The two watchwords of the larger research programme for this event are ‘extraction’ and ‘mimesis’. Extraction inasmuch as the scraping of value from exhausted resources is the current model of endgame capitalism, from the ‘gig economy’ to socially and geophysically devastating mining to the energy demands of the infrastructure servicing the digital economy, with cryptocurrency mining as the nexus where dominant as well as emergent models of social and energy extraction collide and comply. Here, emulation plays an important role, as capital increasingly mimics human biology and social exchange for profit, while the human and the social needs to retrofit itself as forms of capital in order to survive in a landscape of scarcity, commodification and debt. Mimesis is the worldmaking side of emulation, however, recalling aesthetic philosophies which re-imagine the nature-culture divide as not moving from exploitation to immersion, as much ‘new materialist’ thinking does, but to forms of mutual re-invention and adaptability which requires a profound shift in the material and social boundaries that reproduce nature and culture as polarities and as sites of escalating crisis. Art and financial technologies, specifically cryptocurrencies and all digital ledger-based forms of accounting, encapsulate both sides of the extraction/mimesis continuum, particularly with how contemporary cultural and political practices bring up close the agency of financial technologies in expanding the space of incalculability and contingency but also in enclosing the incalculable and sensate in routines of financial accumulation and extraction.

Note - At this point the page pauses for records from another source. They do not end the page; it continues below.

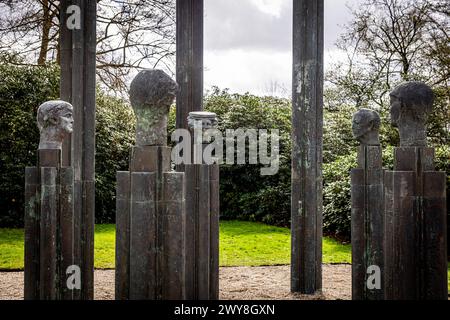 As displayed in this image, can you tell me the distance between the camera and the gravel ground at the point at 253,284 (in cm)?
639

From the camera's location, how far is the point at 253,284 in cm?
714

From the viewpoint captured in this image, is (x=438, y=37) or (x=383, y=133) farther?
(x=383, y=133)

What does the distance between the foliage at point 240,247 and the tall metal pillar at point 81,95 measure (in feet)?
7.56

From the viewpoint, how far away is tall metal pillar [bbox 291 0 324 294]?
6.55m

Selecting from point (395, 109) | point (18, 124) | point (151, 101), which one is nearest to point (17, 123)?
point (18, 124)

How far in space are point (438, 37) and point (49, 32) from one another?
10046 millimetres

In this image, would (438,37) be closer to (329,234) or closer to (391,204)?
(329,234)

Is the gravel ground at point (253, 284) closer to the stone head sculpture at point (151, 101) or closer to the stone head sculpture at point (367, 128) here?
the stone head sculpture at point (367, 128)

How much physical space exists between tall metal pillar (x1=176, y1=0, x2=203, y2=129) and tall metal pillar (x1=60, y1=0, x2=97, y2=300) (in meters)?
1.30

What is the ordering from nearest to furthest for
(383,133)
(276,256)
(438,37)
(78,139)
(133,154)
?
(133,154) → (78,139) → (276,256) → (438,37) → (383,133)

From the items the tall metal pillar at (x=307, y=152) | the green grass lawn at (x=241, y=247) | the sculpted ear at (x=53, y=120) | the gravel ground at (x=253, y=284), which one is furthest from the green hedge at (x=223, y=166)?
the sculpted ear at (x=53, y=120)

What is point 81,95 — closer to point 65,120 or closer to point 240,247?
point 65,120

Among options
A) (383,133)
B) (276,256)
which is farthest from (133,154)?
(383,133)

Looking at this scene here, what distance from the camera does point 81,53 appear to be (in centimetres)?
618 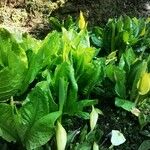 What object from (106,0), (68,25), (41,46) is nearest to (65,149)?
(41,46)

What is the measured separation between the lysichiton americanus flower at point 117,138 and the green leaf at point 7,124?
17.4 inches

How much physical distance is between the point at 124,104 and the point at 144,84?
15 cm

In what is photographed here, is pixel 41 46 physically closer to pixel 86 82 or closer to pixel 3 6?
pixel 86 82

With the participation of Dele Adeyemo, Josephine Berry, Marleen Boschen, Dhanveer Brar, Ami Clarke, João Enxuto & Erica Love, FRAUD, Elizabeth Johnson, Costas Lapavitsas, Jorge Lucero Diaz feat. Ramon Amaro and Amazon Prime Queen (Victoria McKenzie), Le peuple que manque, Rachel O’Reilly, Emily Rosamond, and Mi You.
Organised by Marina Vishmidt (Media, Communications and Cultural Studies) & Louis Moreno (Visual Cultures)
Supported by the CHASE Doctoral Training Partnership + the Digital Worldmaking Stream (Technologies, Worlds, Politics
- …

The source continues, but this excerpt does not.